Similarly, there are trans men who love plaid and rock amazing lumberjack beards. There are trans men who look like James Bond and are dressed to kill and know how to toss back a cocktail with just the right amount of smirk. There are trans men who wear gorgeous makeup and skirts and heels. There are trans men who wear pajamas all day and write novels on their couch with Mister Whiskers the cat. Our trans journeys are almost never "well, I like boy clothes and boy hair, so I guess I'm a boy". Exploring our gender presentation can be an important part of our journey, but the styles we each individually end up favoring aren't all aligned to a gender stereotype. Trans characters should have the same variety as cis characters.

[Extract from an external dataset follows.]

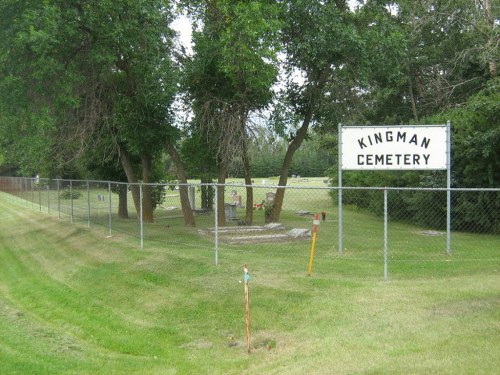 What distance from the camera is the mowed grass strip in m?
6.43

Moreover, in Alice's world there shouldn't be just two options. It defies human nature to imagine that, in a world with BodyMod magitech capabilities, everyone would meekly align to one of two gender stereotypes. Alice has written a world in which everyone either signs up for breasts, a uterus, a bag of pink clothes, and a "girl job" or they checked the box for a flat chest, a scrotum, an entire box of blue socket wrenches, and a "boy job". The reader will almost certainly not recognize themselves in this world. Why are there "girl jobs" at all in a world where people can be any gender or body configuration they could ever want? What are "boy jobs" and what would that mean in a world without barriers to transition?

Body modification isn't going to jam our existing beautiful chaos into one of two types: girly-girl and manly-man. It is worth considering what gender looks like in this new fictional world--how many genders are recognized by society? what does it mean to be one gender or another? what sorts of gender stereotypes, if any, exist?--but there will be the same wonderful chaos of people mixing and matching their aesthetics, their interests, their hobbies, and their careers as there is now in our world.

If exploration and variety are disallowed in Alice's world, the setting is a dystopia and both the author and the narrative need to realize that. "You can be any gender you wish, as long as you conform to the rigid gender expectations therein" is a very bad place in which to live! Characters should be unhappy under those strictures, if we are to recognize them as human.

In short: Include trans people in your world with the same variety as cis people. Not all trans girls will be hyper-girly. Not all trans boys will be super-manly. Not all nonbinary people will be perfectly androgynous. Trans people don't fit into perfect neat stereotype boxes any more than cis people do!